Exercise brief
Of the lines below, write out exactly those from the line with "北海 芝麻灰花岗岩园林景观 小石桥" through the line with "CUSTOM ENGRAVED ZIPPER", both included, and skip the rest.

Extracted information

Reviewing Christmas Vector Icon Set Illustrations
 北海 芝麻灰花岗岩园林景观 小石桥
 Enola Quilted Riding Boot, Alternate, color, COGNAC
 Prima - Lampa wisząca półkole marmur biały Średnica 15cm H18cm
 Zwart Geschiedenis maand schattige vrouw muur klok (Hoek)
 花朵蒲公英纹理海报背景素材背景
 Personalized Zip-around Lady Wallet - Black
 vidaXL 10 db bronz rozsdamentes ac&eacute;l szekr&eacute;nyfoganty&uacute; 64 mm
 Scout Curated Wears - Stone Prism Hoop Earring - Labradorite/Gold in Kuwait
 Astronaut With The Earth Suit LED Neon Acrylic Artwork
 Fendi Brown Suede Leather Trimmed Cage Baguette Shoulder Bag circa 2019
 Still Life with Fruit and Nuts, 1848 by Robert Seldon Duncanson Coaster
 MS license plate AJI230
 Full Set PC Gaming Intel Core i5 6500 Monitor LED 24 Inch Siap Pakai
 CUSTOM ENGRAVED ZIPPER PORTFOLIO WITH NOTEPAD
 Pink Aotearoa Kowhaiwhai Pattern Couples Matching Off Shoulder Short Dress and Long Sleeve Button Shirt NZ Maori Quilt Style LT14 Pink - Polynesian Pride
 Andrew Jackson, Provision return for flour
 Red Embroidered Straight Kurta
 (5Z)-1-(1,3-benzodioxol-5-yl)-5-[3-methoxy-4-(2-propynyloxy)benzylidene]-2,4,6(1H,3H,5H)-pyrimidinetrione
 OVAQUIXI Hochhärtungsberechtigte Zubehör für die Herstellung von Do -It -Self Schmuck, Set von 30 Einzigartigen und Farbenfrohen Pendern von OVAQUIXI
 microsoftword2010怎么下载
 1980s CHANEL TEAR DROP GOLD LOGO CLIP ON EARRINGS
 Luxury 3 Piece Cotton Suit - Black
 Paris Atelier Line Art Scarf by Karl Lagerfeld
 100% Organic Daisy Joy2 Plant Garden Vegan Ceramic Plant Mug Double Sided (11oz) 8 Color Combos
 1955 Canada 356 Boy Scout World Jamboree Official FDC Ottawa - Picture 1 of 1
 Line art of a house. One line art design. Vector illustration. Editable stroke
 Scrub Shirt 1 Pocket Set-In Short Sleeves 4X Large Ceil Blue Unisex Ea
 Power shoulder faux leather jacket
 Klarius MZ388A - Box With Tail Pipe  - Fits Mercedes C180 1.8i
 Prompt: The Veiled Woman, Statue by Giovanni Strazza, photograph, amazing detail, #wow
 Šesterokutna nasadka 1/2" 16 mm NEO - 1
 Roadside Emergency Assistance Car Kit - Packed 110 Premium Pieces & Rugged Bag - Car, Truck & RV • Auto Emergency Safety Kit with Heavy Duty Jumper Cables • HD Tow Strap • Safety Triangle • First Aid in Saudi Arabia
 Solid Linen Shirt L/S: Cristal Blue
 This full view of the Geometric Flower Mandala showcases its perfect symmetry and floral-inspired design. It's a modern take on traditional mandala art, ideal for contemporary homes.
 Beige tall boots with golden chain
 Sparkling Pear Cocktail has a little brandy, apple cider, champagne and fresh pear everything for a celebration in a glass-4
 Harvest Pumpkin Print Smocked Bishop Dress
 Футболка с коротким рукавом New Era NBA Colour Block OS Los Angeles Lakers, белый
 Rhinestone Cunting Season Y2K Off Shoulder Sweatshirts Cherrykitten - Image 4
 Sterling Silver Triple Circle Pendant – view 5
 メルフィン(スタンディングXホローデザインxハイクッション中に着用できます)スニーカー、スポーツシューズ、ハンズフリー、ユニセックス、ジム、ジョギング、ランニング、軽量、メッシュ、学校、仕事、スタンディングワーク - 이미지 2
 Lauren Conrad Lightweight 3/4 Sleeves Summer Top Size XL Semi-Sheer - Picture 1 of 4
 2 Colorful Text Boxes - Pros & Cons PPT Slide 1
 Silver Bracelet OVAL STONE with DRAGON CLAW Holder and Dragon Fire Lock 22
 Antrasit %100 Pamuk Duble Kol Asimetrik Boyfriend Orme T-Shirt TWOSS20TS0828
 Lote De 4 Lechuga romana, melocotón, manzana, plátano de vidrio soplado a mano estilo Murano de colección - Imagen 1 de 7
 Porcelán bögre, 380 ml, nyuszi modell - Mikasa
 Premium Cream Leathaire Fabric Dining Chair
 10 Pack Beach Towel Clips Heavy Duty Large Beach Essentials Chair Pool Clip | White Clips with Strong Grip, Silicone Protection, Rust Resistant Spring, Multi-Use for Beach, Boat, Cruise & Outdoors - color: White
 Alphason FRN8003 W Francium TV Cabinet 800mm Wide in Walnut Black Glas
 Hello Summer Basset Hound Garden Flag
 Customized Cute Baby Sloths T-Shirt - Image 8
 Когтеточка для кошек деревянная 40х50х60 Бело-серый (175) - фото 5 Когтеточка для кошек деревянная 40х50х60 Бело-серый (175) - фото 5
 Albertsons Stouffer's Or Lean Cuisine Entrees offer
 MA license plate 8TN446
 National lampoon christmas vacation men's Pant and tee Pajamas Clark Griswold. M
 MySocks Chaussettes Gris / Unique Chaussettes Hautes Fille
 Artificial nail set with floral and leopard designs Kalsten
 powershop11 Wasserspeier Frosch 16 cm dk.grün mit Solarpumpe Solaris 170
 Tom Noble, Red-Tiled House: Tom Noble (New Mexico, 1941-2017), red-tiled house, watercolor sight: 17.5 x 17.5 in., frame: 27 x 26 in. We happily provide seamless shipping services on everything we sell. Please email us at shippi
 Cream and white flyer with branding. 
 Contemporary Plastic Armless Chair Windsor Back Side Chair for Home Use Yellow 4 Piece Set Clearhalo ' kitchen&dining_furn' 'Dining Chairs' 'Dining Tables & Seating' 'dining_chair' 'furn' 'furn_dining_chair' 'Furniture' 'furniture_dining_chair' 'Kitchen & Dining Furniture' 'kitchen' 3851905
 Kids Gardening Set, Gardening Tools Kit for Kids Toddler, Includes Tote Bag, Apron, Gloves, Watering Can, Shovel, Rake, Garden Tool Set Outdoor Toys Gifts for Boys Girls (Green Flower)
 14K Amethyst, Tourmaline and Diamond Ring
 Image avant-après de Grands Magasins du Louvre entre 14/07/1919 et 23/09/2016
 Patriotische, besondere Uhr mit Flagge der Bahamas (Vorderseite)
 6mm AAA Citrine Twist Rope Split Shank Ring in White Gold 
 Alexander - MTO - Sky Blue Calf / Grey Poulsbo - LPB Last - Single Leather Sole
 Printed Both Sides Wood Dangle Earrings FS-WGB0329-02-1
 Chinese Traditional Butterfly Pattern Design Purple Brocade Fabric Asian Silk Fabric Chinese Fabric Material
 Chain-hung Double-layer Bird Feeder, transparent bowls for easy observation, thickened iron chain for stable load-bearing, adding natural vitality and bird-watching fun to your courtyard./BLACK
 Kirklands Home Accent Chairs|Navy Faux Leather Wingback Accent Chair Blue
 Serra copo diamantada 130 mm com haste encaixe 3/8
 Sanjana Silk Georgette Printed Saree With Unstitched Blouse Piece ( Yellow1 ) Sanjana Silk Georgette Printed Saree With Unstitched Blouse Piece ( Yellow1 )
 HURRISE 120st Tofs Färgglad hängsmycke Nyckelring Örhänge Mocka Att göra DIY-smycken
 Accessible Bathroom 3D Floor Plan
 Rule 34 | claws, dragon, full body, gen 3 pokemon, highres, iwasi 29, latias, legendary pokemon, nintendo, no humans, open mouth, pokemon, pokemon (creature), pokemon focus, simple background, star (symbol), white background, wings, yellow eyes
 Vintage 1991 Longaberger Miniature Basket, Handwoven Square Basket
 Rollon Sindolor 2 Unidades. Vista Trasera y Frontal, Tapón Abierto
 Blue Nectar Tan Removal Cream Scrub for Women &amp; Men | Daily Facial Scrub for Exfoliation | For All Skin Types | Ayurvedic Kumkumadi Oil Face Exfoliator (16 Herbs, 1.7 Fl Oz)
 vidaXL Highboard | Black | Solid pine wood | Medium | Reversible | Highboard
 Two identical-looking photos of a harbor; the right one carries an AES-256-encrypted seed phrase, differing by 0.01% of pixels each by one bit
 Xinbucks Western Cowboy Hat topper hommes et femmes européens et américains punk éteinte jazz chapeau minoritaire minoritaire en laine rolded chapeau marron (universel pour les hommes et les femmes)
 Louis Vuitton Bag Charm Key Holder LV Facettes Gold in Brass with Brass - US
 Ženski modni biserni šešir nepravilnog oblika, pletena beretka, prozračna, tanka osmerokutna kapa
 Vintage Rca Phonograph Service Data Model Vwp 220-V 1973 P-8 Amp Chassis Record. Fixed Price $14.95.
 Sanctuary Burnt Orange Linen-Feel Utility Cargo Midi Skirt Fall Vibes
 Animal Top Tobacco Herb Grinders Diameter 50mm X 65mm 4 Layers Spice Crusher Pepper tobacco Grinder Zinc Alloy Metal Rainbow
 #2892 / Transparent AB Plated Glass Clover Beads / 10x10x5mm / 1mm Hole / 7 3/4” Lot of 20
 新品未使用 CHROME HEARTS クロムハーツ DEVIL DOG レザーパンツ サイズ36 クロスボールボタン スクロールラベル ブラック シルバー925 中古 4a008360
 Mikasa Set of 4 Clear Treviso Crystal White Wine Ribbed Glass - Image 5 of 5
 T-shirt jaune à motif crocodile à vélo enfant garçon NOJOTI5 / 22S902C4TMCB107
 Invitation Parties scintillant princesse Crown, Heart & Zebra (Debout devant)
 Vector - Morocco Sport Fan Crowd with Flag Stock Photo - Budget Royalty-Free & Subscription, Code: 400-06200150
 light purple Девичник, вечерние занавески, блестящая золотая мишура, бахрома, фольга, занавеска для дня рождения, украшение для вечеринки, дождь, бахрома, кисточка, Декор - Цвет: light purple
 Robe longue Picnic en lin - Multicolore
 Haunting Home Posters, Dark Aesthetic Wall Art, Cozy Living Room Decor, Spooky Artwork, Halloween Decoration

Solution to the problem
 北海 芝麻灰花岗岩园林景观 小石桥
 Enola Quilted Riding Boot, Alternate, color, COGNAC
 Prima - Lampa wisząca półkole marmur biały Średnica 15cm H18cm
 Zwart Geschiedenis maand schattige vrouw muur klok (Hoek)
 花朵蒲公英纹理海报背景素材背景
 Personalized Zip-around Lady Wallet - Black
 vidaXL 10 db bronz rozsdamentes ac&eacute;l szekr&eacute;nyfoganty&uacute; 64 mm
 Scout Curated Wears - Stone Prism Hoop Earring - Labradorite/Gold in Kuwait
 Astronaut With The Earth Suit LED Neon Acrylic Artwork
 Fendi Brown Suede Leather Trimmed Cage Baguette Shoulder Bag circa 2019
 Still Life with Fruit and Nuts, 1848 by Robert Seldon Duncanson Coaster
 MS license plate AJI230
 Full Set PC Gaming Intel Core i5 6500 Monitor LED 24 Inch Siap Pakai
 CUSTOM ENGRAVED ZIPPER PORTFOLIO WITH NOTEPAD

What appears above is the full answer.